Much is made of the tragic problems of child abuse and child neglect. The latter can take many forms, but one of the most important, yet underrated, examples of neglect is when a child is deliberately brought into the world without one of the two most important people the child will ever know. I speak here of the growing problem of fatherless households.
Of course there have always been such households. Because of the death or desertion of the father, a mother is left to struggle on, raising the children the best she can. And such single mums deserve all the support and help they can get from the rest of the community.
But it is another thing altogether when we deliberately bring a child into existence without a father. This is now becoming a social problem of plague proportions. More and more women are deciding they want kids, but they don’t want a husband, or even a male partner.
And the desire of same-sex couples to have children is simply exacerbating the problem, making an already grievous social tragedy even greater. An example of this was reported in the world’s press just recently. The lesbian daughter of US Vice President Dick Cheney is pregnant.
Mary Cheney, 37, and her 45-year-old partner Heather Poe will raise the child together when born next year. But the fact that we now have so many different ways to create a child is not an argument that we should. And all the talk and love is still a poor substitute for a child’s most important need: a mother and a father who are committed to each other.
Of course activist homosexual groups and other social libertarians are applauding the announcement of Mary’s pregnancy. But not everyone is so ecstatic. As Janice Shaw Crouse notes in the December 7, 2006 Townhall.com, “Mary Cheney’s pregnancy affects us all”.
She writes, “Mary Cheney’s pregnancy poses problems not just for her child, but also for all Americans. Her action repudiates traditional values and sets an appalling example for young people at a time when father absence is the most pressing social problem facing the nation. With 37 percent of American children born to fatherless families, Mary Cheney is contributing to a trend that is detrimental to all Americans who will live with the ramifications of millions of children whose anger and frustration at not knowing their father will be felt in the public schools and communities of our nation.”
Mary Cheney is part of a new demographic group which is contributing to various social problems. “Mary Cheney is among that burgeoning group of adult women over age 20 that are driving the trend of women who don’t want a man in the picture, but want to have a baby. These older women are pushing out-of-wedlock birth statistics higher and higher. At a time when teen births and teen abortions are declining dramatically, older women are having more un-wed births and more abortions, including repeat abortions (indicating that they are using abortion as birth control).”
More and more children are deliberately being deprived of their own father, and the consequences are not good. “Well-educated, professional Mary Cheney is flying in the face of the accumulated wisdom of the top experts who agree that the very best family structure for a child’s well-being is a married mom and dad family.
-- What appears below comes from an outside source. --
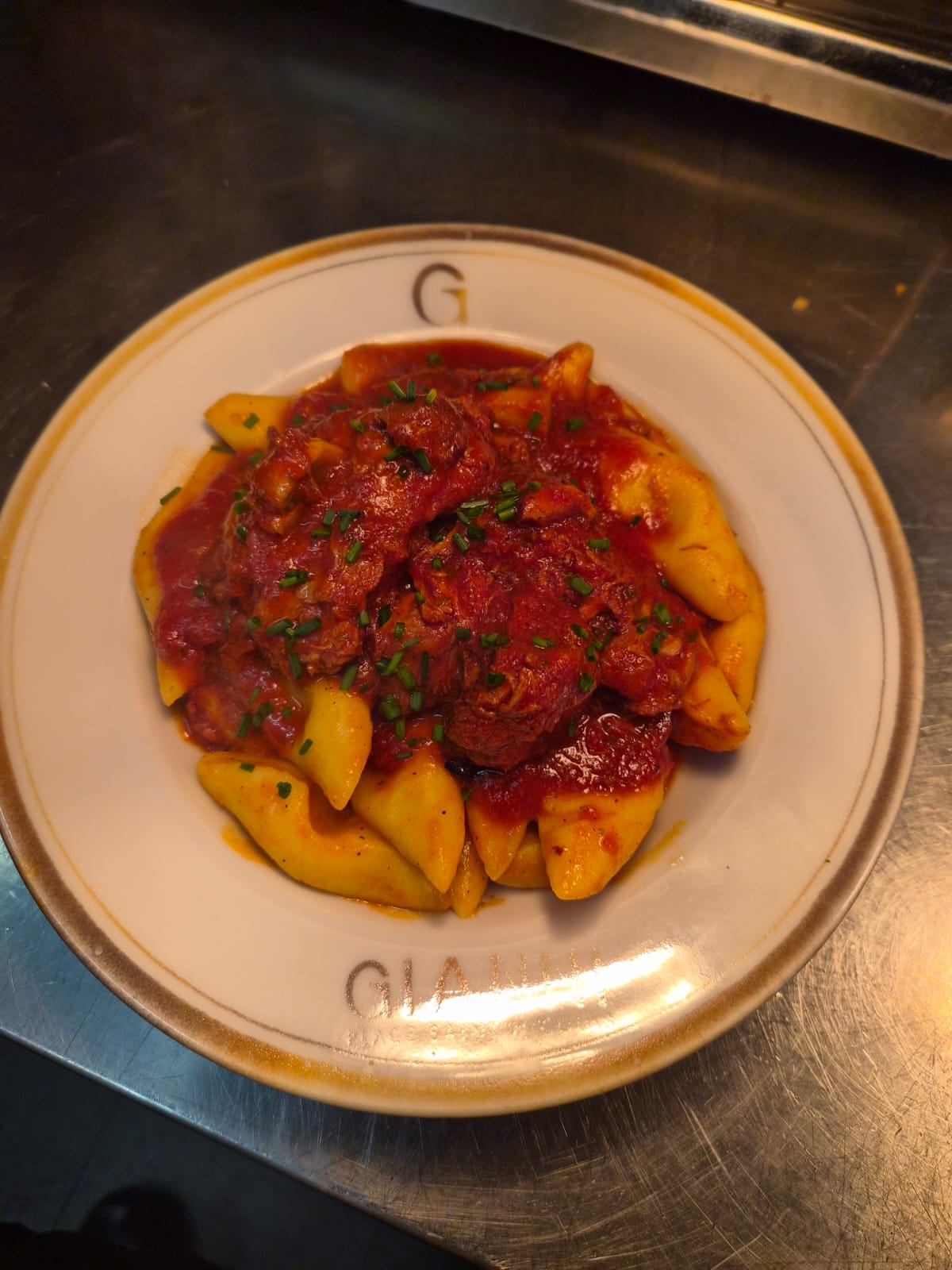 Gnocchi et veau en sauce, tarte aux pommes et café 23,00€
Her child will have all the material advantages it will need, but it will still encounter the emotional devastation common to children without fathers.”
Indeed, the problems associated with fatherlessness are many: “When fatherless children get to be teens, the girls tend to start looking for love in all the wrong places and the boys tend to find as their role model the bad-boy celebrities of MTV, NFL and NBA. As they grow older, fatherless children tend to have trouble dealing with male authority figures. Too often children in single-mother households end up angry at their absent fathers and resentful of the mother who has had to be a father figure, too. Typically, the boys who have a love-hate relationship with their mother end up hating all women. Numerous of them look for vulnerable women where they can act out their anger and be in control.”
When high profile figures like this purposefully eschew fathers, they are being a poor role model for others. “Mary Cheney’s action sets an example that is detrimental for mothers with less financial resources who will start down an irrevocable path into poverty that tends to be generational – children in households without a father tend to themselves have unwed births later in life. Experts from both the left and the right cite a disastrous litany of negative outcomes that are predictable when a child grows up in a fatherless family. Such children tend to get involved in drugs, alcohol abuse, and delinquency; they tend to drop out of school and have teen pregnancies. An assistant principal in a Junior High School said that many of the behavioral problems that teachers face in the classroom stem from households without a father’s influence.”
Indeed, the anecdotal evidence backs up over thirty years of social science research: children raised without a father are seriously deprived and short-changed. They enter life disadvantaged and have to work hard to overcome such obstacles. This is a real case of child neglect.
Crouse concludes: “All those people who talk about doing what is best ‘for our children’ need to get back to the basics: children need a married mom and dad. Children can do without a lot of the trimmings of childhood, but nothing can replace a home where the mother and dad love each other enough to commit for a lifetime and are absolutely crazy about their kids – enough to be willing to sacrifice their own needs to see that their children get the very best.”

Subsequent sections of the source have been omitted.